The popular narrative is that hedge funds had their moment, somewhere between 2000 and 2010, and have been slowly losing relevance ever since. The data says something different.

According to Megan Nicholson, the hedge fund industry reached over $5 trillion in assets under management in 2025, and experienced its largest single-year inflow in a decade, with $116 billion flowing into the space per Barclays data.

The ebb in allocations from roughly 2010 to 2019 was real, particularly from institutional investors who had grown frustrated by underperformance relative to a relentlessly rising equity market. But the environment has shifted. Institutions are no longer navigating a decade of nearly uninterrupted equity upside. They are dealing with geopolitical volatility, macro uncertainty, and a much harder case for simple passive exposure. Hedge funds, specifically those with niche sector focus, credible downside protection, and repeatable processes, are back in demand.

Where the interest is concentrated: discretionary equity strategies (equity market neutral, long-short equity with specific sector focus, event-driven, and quantitative long-short), and managers with genuine specialization rather than generalist exposure. The allocators chasing "healthcare funds, metals and mining funds" and "niche-y, interesting, unique managers" are looking for something that a broad long-short equity fund across the S&P cannot provide.

The big are still getting bigger — Megan notes that a well-known brand-name hedge fund remains the safest institutional bet for a CIO who has to report to a board. But there is also meaningful movement toward emerging managers in the sub-$100 million range, particularly through multi-manager platforms and endowments with dedicated emerging manager allocations.

 

How Hedge Fund Strategies Actually Work

Hedge fund: An actively managed investment vehicle that uses a range of strategies, including short selling, leverage, derivatives, and sector specialization, to generate returns with a different risk profile than a simple long-only equity or bond portfolio. Unlike mutual funds, hedge funds face fewer regulatory restrictions on strategy and are generally available only to institutional and accredited investors.

The defining characteristic of a hedge fund is not that it hedges in the colloquial sense, that it always reduces risk, but that it has the structural flexibility to do so. Net exposure (long positions minus short positions, expressed as a percentage of portfolio) varies dramatically by strategy. An equity market neutral fund may target near-zero net exposure. A leveraged long-short fund may have net exposure well above 100 percent.

What this means in practice: a hedge fund is not automatically a defensive or conservative investment. The strategy determines the risk profile. A sector-specialist fund with strong conviction and significant long exposure can be highly volatile. An equity market neutral fund trading hundreds of positions may be far less so.

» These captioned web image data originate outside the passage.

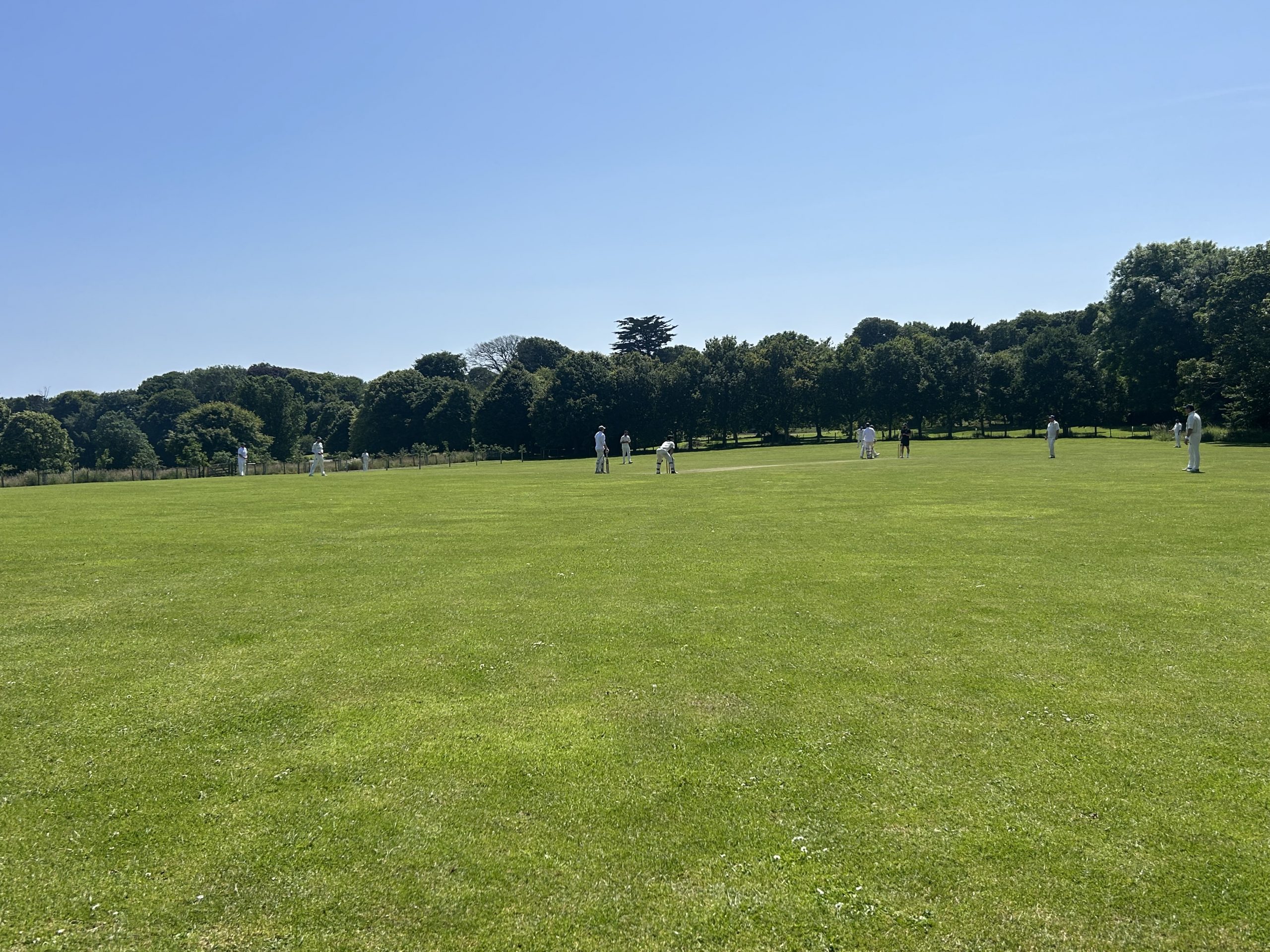 Glory against the Grasshoppers: Modbury CC vs Wembury Grasshoppers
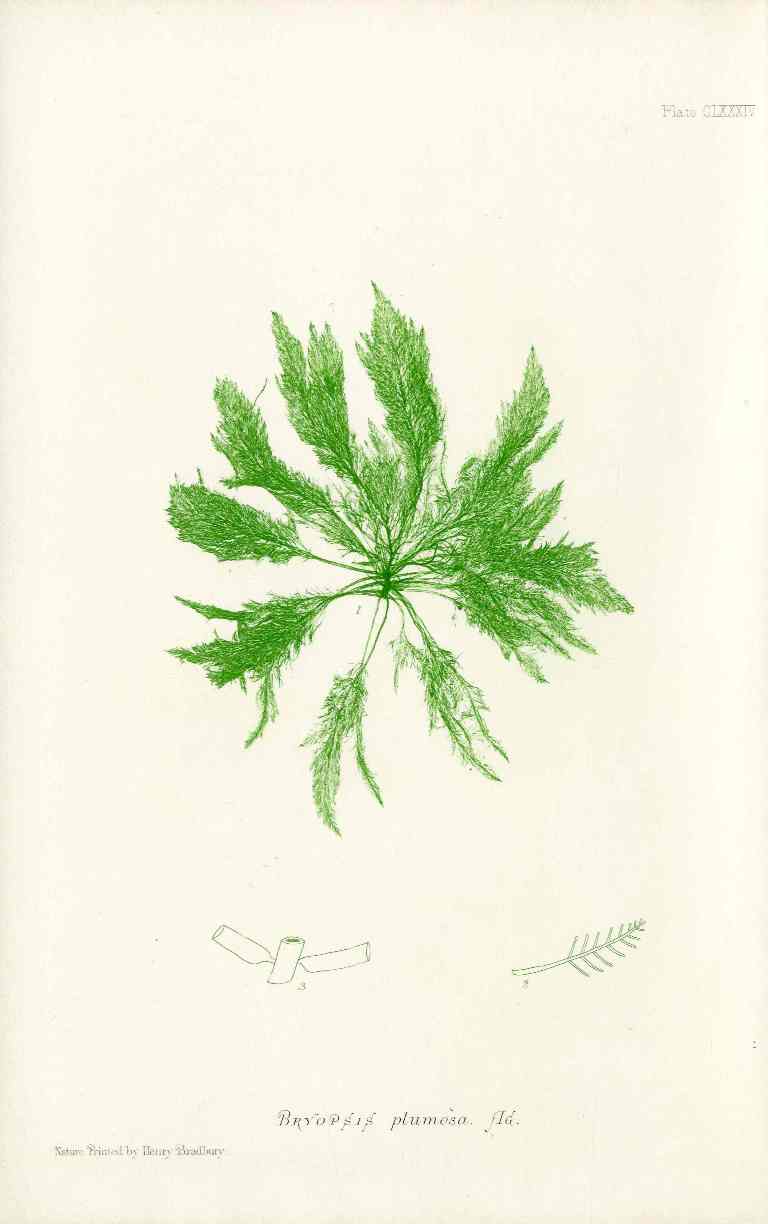 Bradbury Nature Printed Seaweed Print Bryopsis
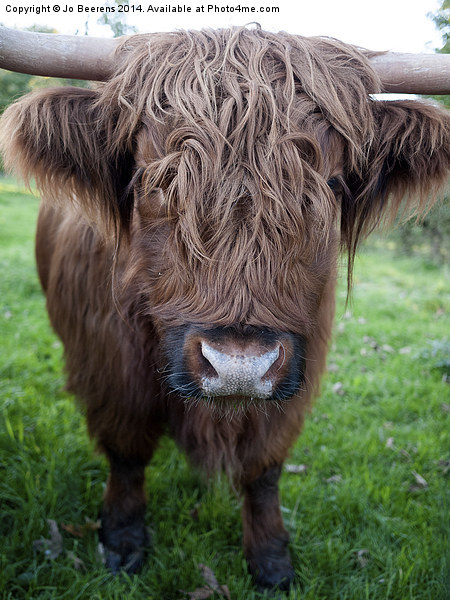 highland cow Picture Board by Jo Beerens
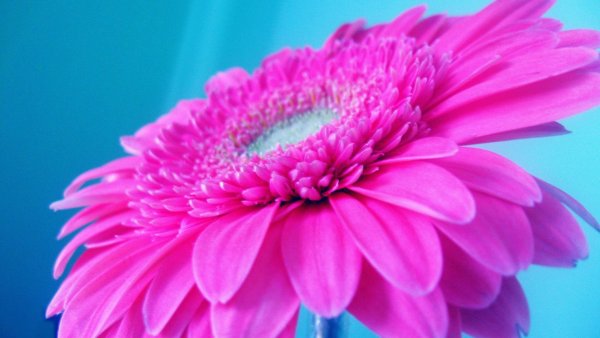 Яркие цветы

The core thesis behind most hedge fund allocations, at least for institutional investors looking at sector-specific managers, is access to upside in a given area with some structural protection on the downside. As Megan frames it: "The hope is that if healthcare gets really hot, you ride that wave — but if healthcare is not hot, somehow you're protected from that loss." Whether that protection materializes depends entirely on the manager.

 

Fee Structures: Compression, Multi-Strats, and What You're Actually Paying

The hedge fund industry has seen meaningful fee compression over the past decade. The classic "2 and 20", a 2% management fee and 20% performance fee, has softened in practice, though it has not disappeared. According to Megan, the industry peaked in 2025 at just under 2% management fees and approximately 18.5% performance fees on average, though some managers still charge the classic structure and others charge above it.

The nuance is in how different fund types approach fees.

For most long-short equity and sector-specialist funds, the trend is toward compression, lower pass-through fees, more investor-friendly liquidity terms, and a general shift toward structures that protect investors rather than insulate managers. Megan specifically notes that upfront lockups of one to three years (protecting the manager's ability to build and invest) are increasingly paired with more liquid exit provisions on the back end.

Multi-strategy platforms operate differently. These firms, which run multiple strategies across internal "pods" with distinct portfolio managers, do not always charge traditional management and performance fee structures. Instead, they pass through the actual cost of running the business: compensation, technology, infrastructure, and deliver a net return.

Megan notes that multi-strats are compounding gross returns of 25 to 30 percent annually in some cases, then shaving off 1,100 basis points or more before the investor sees a net figure. For investors who receive strong net returns over sustained periods, the fee structure is less relevant than the outcome.

Separately managed accounts (SMAs): An investment structure in which a single investor holds a dedicated portfolio managed by a fund manager, rather than holding units in a commingled fund. Larger institutional allocators increasingly use SMAs to negotiate custom fee terms, gain transparency into underlying positions, and in some cases acquire GP stakes in the manager's business.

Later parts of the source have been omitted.